Interest rates have risen yet again, average asking prices have increased by their smallest margin on record for February, and one major online estate agent has put itself on the market.
Read on to find out the latest property market news.
Interest Rates Rise Again
In a move that was widely expected, the Bank of England has raised interest rates from 3.5% to 4% – the highest level since October 2008.
It’s the 10th rise since December 2021 and means an additional £60 per month for homeowners on their repayments for a £200,000 mortgage.
However, it’s not all bad news for homeowners, with mortgage rates currently falling and economists predicting that interest rates will peak between 4.25% and 4.5% later this year before stabilising, while previous forecasts of a two-year recession have been cut in half. The economy is now predicted to contract by 1%, rather than the previously forecast 2.9%, bringing some much-needed respite to homeowners and buyers.
Average Asking Prices Increase in February by £14
Data released by property website Rightmove has revealed the smallest increase in February property prices since their records began in 2001.
According to their figures, the average asking price of a UK property rose by just £14 for the month to £362,452.
While the increase may be minuscule, it’s a positive sign for the housing market following five straight months of falls.
However, there’s still a way to go before the market can be considered anywhere near normal, as February is traditionally a much stronger month for price growth, as sellers look to get their properties on the market before the busy spring period.
Rents see Record Increase
Figures from the major property website Zoopla have revealed record-high rental increases over the past 12 months, with renters paying an average of £120 more per month than they were at the start of 2022.
Unsurprisingly, the biggest increase was in the capital, where rents have climbed 16.1% over the past year to an average of £1,976 per month – some £270 more per month than 12 months earlier.
Other major cities, including Manchester, Edinburgh, and Cardiff, have all seen double-digit growth in their percentages too, while at the opposite end of the scale, Belfast has seen the smallest rise of the UK’s major cities, with an average increase of 6.7%, or £44 per month.
Purplebricks up for Sale
Struggling online estate agent Purplebricks has put itself up for sale after revealing its expected losses for the year and a drop in revenue expectations.
The one-time online giant is forecast to make losses of between £15m and £20m this year – a sharp spiral compared to its previous estimate of £10m.
On top of this, the company’s expected revenue has also been cut to between £60m and £65m – a drop of £7.5m on its previous estimate.
The online-only firm was one of the leading lights in the property market after forming in 2012, but its share price has fallen more than 98% from its peak in August 2017. Back then, shares were trading at 514.5p, but the current price is just 7.3p per share.
Mortgage Products on the Increase
The number of mortgage products available has risen to more than 4,000 – the first time mortgage products have gone above that figure since August 2022.
Fixed rates have also continued to decrease slightly, with buyers who can put down more than 40% on a property seeing rates dropping below 5%.
And it’s not just buyers with big deposits who are seeing the benefit.
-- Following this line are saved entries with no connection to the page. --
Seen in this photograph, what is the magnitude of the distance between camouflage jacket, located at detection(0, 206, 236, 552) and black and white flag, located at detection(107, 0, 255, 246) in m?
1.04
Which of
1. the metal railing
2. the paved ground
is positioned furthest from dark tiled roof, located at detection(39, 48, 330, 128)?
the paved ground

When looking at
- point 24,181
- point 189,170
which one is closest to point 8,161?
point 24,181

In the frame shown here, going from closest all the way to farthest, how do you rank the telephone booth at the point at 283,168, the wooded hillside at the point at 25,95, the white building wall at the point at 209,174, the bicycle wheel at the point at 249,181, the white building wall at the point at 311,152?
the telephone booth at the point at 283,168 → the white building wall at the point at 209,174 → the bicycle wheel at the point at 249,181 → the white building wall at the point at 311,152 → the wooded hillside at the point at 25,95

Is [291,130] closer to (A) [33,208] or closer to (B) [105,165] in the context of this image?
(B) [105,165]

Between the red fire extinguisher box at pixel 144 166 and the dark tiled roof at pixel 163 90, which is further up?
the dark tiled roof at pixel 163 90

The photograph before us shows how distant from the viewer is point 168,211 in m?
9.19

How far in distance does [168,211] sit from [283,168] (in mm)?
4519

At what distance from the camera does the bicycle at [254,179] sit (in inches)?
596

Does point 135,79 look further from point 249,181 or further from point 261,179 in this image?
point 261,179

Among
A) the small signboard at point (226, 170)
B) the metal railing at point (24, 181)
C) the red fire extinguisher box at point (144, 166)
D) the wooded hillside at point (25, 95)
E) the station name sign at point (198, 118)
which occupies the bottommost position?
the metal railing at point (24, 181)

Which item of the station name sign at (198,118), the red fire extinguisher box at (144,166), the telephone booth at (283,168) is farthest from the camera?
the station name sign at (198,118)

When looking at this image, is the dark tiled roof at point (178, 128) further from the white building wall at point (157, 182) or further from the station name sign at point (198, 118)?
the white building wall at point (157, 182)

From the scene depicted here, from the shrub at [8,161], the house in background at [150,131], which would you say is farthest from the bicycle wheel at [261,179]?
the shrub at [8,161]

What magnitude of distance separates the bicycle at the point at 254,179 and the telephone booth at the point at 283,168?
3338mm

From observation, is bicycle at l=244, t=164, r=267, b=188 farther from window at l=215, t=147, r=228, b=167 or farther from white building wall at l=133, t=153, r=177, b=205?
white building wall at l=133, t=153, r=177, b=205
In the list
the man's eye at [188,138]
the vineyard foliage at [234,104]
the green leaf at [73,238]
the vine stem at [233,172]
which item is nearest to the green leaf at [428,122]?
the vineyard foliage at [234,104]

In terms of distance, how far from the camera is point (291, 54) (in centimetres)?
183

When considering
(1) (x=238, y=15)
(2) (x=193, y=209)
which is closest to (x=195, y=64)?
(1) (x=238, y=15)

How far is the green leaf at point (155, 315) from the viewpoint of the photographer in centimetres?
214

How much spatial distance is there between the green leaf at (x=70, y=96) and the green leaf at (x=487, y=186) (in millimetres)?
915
Even those borrowing 95% of their home’s value can secure a fixed rate of around 5.5% if they take out a five-year product as the mortgage market continues to stabilise.
Work From Home Driving Regional Price Growth
Working from home continues to drive up house sales in various parts of the country, with the West Country seeing a significant surge in buyer demand.
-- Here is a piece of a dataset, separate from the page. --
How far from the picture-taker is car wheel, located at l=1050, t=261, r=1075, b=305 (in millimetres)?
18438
One town that’s proving particularly popular is Swindon, where 40% of buyers are coming from outside the area, according to property website Zoopla, with most relocating from London.
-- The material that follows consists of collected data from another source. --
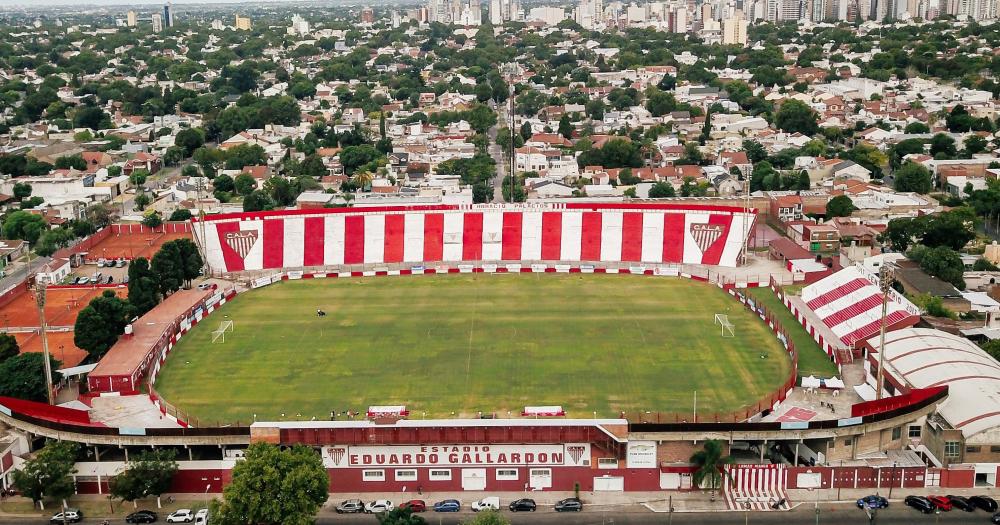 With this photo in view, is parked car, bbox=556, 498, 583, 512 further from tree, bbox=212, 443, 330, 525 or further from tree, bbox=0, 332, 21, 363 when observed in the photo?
tree, bbox=0, 332, 21, 363

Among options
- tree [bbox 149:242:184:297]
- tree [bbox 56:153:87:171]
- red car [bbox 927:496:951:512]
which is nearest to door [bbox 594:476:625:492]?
red car [bbox 927:496:951:512]

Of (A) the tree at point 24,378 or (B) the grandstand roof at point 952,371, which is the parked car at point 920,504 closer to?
(B) the grandstand roof at point 952,371

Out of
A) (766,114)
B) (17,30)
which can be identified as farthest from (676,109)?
(17,30)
It’s not just the capital seeing an exodus of homeworkers. Bristol is another city that has seen mass departures to smaller towns nearby, with one estate agent in North Somerset reporting that 80% of properties in Weston-Super-Mare and the surrounding areas are sold to Bristolians.
The trend of homeworkers leaving cities and moving to more rural areas was most prevalent during the Covid pandemic, as people looked to find more for their money, but these latest figures are further evidence that the trend has continued long after normality has resumed.